Do you stay loyal to one supplier, or do you go with who offers you the lowest sf price? How much of a drop in price would make you move? I know customer service is a major part of this question, but say all things are equal in that category. Do you feel like you need to take the low number to stay up with your competition, and/or put more money in your pocket? I prefer to stay with one supplier as long as i can, but when another supplier quotes 15msf less ...how can I walk away from that. With that kind of difference I can make 5k extra that I wasn't expecting depending on the volume at the time. I try not to move that often, maybe every 8 mos. Just enough time for them to miss my call every other day..lol. Give it a week and the door starts knocking. The other consideration; Having one supplier that you have been with for years, do they really have your back? Are they going to tell you when there is a price drop or when small material like Mud starts to rise .25 cents a box? I call it boiling the frog slowly. Small price increase in your bill that creep up. Does anyone ever have a supplier that keeps their rock price lower than other when Manufacture's increase go in effect? Even though getting the lowest price is appealing, I feel that dependability and quality of work speaks volumes over the 1-2 dollars a board you can cut...your thoughts? Also, I know that karma can bite back pretty darn hard.


----------



## 2buckcanuck (Jul 9, 2010)

Always go for the best deal, never deal with one supplier because they get all kissy kissy with you. Or next thing you know, they could become the only supply house in town, and guess what you will be kissing.:yes:

at least that's our Canadian communist way of thinking.
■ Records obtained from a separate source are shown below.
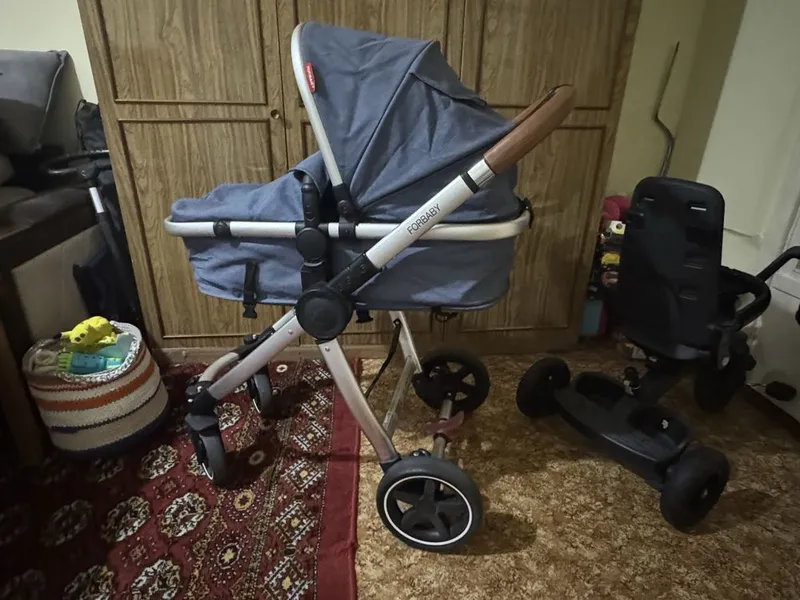 детская коляска forbaby 1 детская коляска forbaby 1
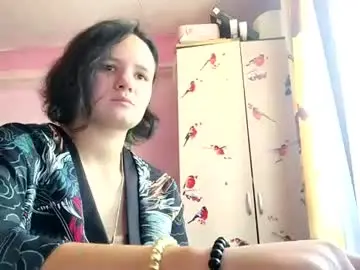 Chaturbate Sex Cam of shelbafrometa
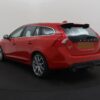 Volvo V60 2.0 D4 AUT. Ocean Race Business Pano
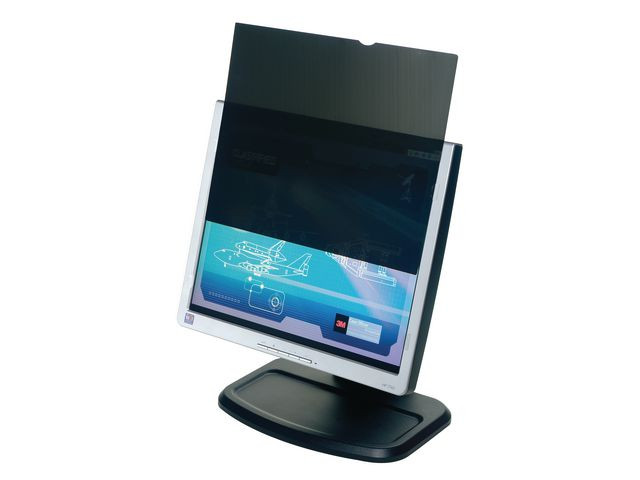 BildeSkjermfilter 3M Privacy 19"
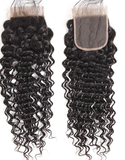 Brazilian Deepwave Lace Closure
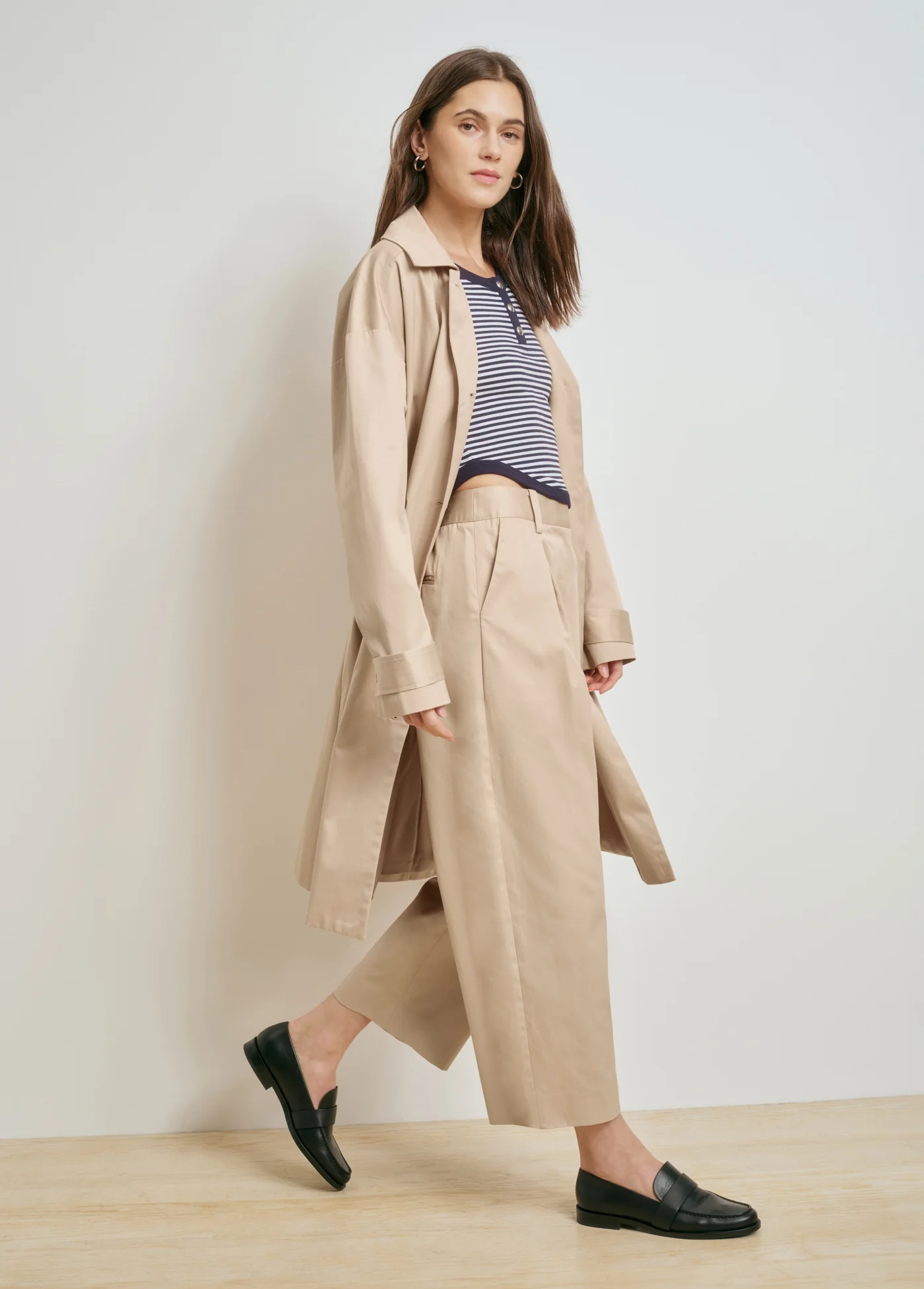 THE LONDON TROUSER - Image 5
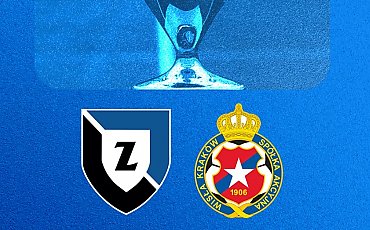 Hit w Bydgoszczy! Zawisza zagra z Wisłą Kraków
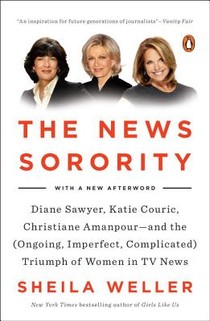 The News Sorority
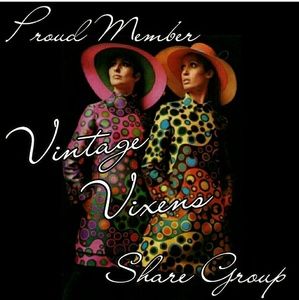 Do You Sell Vintage?Increase your Sales by Joining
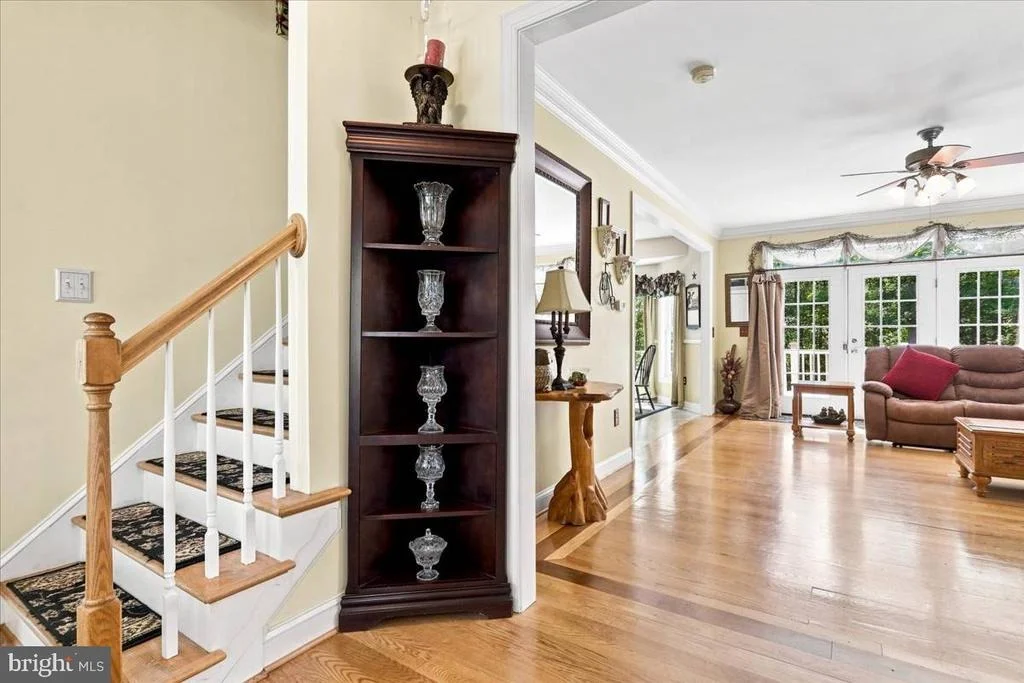 Photo of 4854 CHERRY RUN ROAD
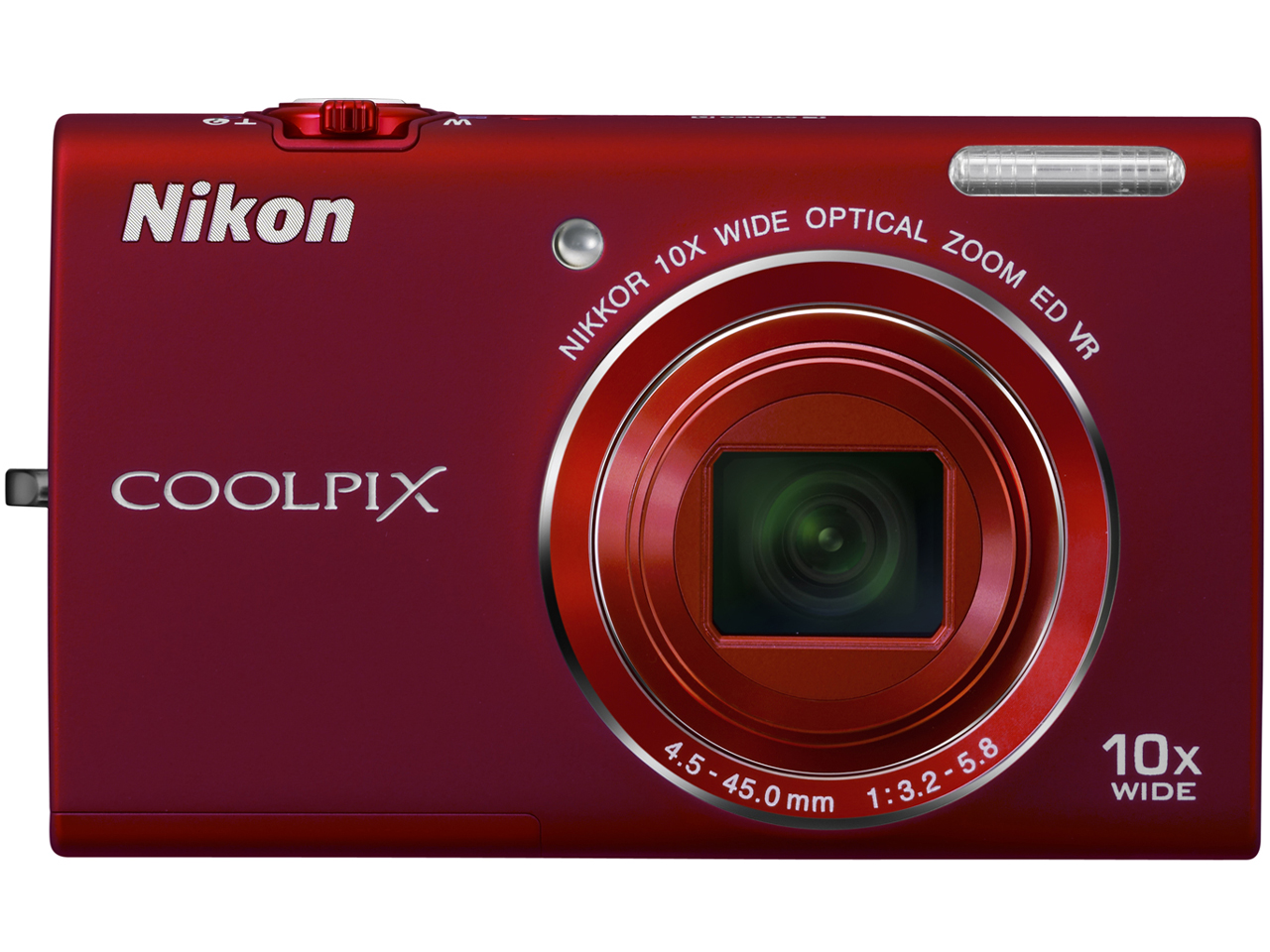 ニコン COOLPIX S6200 価格比較 - 価格.com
Keep them equal and competitive , or you could end up with a greedy capitalist that will control the whole market:whistling2:


----------



## Mudshark (Feb 8, 2009)

I think it is best to stay loyal as long as they are treating you well. If its only nickels and dimes difference in price not so bad. When the difference gets to be too much, and you explain this to your supplier, they may do their best to match the other guys price to not lose you. 

Sometimes it can still be good to go with someone else a while if you feel they are not treating you right. 

If they take you out on a fishing trip and buy all the beer then maybe you should stick with them a bit longer.


----------